Three years ago, in light of our 30th anniversary, I promised the Good Wife a trip to a “Spanish speaking” country. It only took three years to pull of. The GW has always had a passion for languages, Swedish, Amharic, Spanish in particular. Sad isn’t it, that she married such a language loser, but she has to take responsibility for focusing exclusively on looks.
A week or two before the trip, while loitering in the kitchen, she said to me, “Being in Spain with you is going to be sexy.” Hubba hubba! All of a sudden the long distance flights seemed more manageable. But then I regained my senses and said, “Yeah, except for the fact that you invited our daughters.” Correcting the record, she smiled, “Ah, that was your idea.” What the hell was I thinking? Probably that their schedules would never allow it. They happily proved me wrong. We never should have taken them to live for short stints in China and Norway when they were young.

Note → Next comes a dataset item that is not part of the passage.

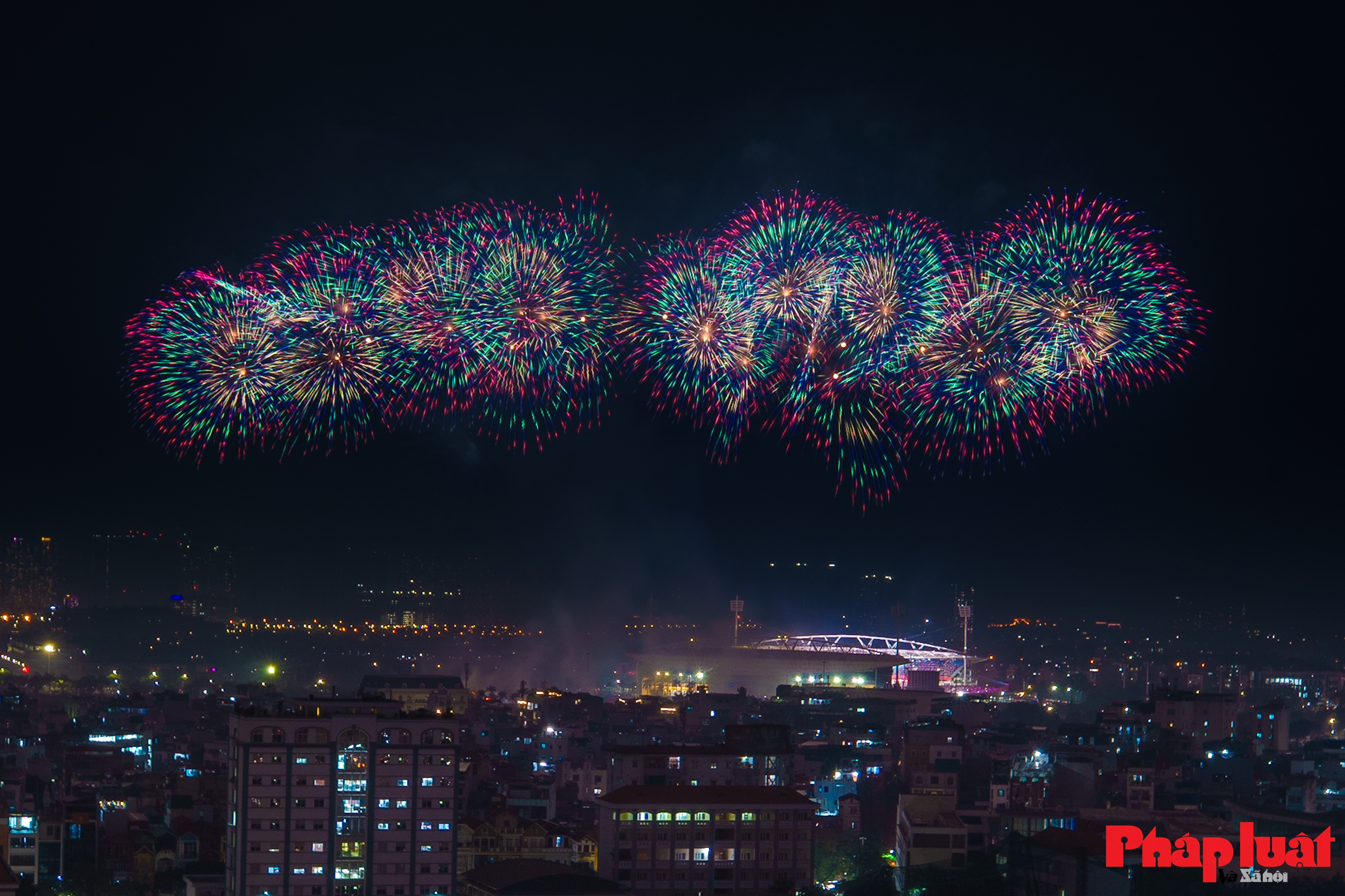 Toàn cảnh đại tiệc pháo hoa chào mừng thành công Đại hội 14 của Đảng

Here are the sordid details you so desperately want. The four of us shared small apartments in Madrid and Seville for eleven days. I was sick as a perro for about a third of the time. In the end, I’m sorry to report, there was very little hanky and next to no panky.
But all was not lost.
David Brooks in a recent piece, The Moral Peril of Meritocracy, contrasts first and second mountain life. He writes:
“If the first mountain is about building up the ego and defining the self, the second is about shedding the ego and dissolving the self. If the first mountain is about acquisition, the second mountain is about contribution.
On the first mountain, personal freedom is celebrated — keeping your options open, absence of restraint. But the perfectly free life is the unattached and unremembered life. . . .
So the person on the second mountain is making commitments. People who have made a commitment to a town, a person, an institution or a cause have cast their lot and burned the bridges behind them. They have made a promise without expecting a return. They are all in.”
“Over the past few decades the individual, the self, has been at the center. The second-mountain people are leading us toward a culture that puts relationships at the center. They ask us to measure our lives by the quality of our attachments, to see that life is a qualitative endeavor, not a quantitative one.”
I may finally be approaching the base of the second mountain. Why do I think that? Because when the GW asked me what my favorite moment of the trip was, I wasn’t quite able to tell her. Instead, I told her my second and third favorites.
My absolute favorite was witnessing the wave of emotion that came over her as the trip drew to an end.
The last morning in Seville, I rallied and we went for an aimless walk through our neighborhood’s ancient, narrow streets. Eventually, we ended up at the outdoor window of a tapas bar in a small, beautiful, mostly empty plaza. We ordered dos cafes con leche and waited at an outdoor table. Sipping our drinks, she started to cry. “This is exactly what I wanted to do. I wanted to sit with you at an outdoor cafe and just enjoy the moment.” Later that morning, the tears continued as she declared her abiding love for the whole dam fam. I can’t remember ever seeing her happier.
That made the lengthy planning process, the marathon plane flights, the expenses totally worth it.